Wrong. Perry’s parents ship him off to Camp Washishka for the summer, in the hopes that he will camp his way out of arrested development. The first hours at the camp are disastrous—his Creatures and Caverns book is confiscated, he has an unfortunate run-in with a bully, he makes a fool of himself in front of a girl, and he encounters a bizarre and rather familiar creature in the bathroom. Perry follows this creature into the woods, because, come on, what else could go wrong?
What follows is a hilarious and strange adventure into the wold of the Other Normals, populated with characters that seem to come straight out of his Creatures and Caverns world. An interesting correlation between Earth and this Other Normal world means that Perry’s actions at camp could just save a world.

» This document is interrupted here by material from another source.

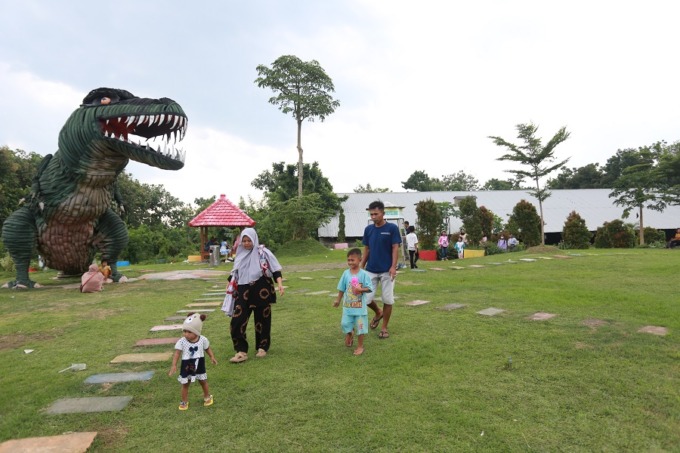 NIKMATI LIBURAN: Masyarakat sekitar menikmati taman TPA Pakusari. Meski terkadang berbau tak sedap, namun tak jadi penghalang untuk menikmati fasilitas maupun spot foto yang ada.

A Few Reasons The Other Normals Rocked:
Perry: A SERIOUSLY Unlikely Hero
What gamer wouldn’t want to the chance to actually be a hero IRL? The multiverse science in the story is as plausible at it can possibly be, and the adventures are fast-paced fun, mostly because it’s hilarious to watch a gaming fanboy try to apply his RPG knowledge and enthusiasm in a world made for it.
Guys going through the awkwardness of adolescence—particularly those who have wonkish, geekish obsessions like RPGs—will find this story closest to their hearts. I do not pretend to understand the inner mental life of a serious RPG gamer, but it’s not hard to be won over by Perry, in his earnest passion for Creatures and Caverns, his relentless social awkwardness, and his bravery in all worlds, real, imagined, or other normal.
SO Much Cringing
I don’t know if this makes me a horrible person, but I really, really enjoyed watching Perry make a fool of himself over and over again.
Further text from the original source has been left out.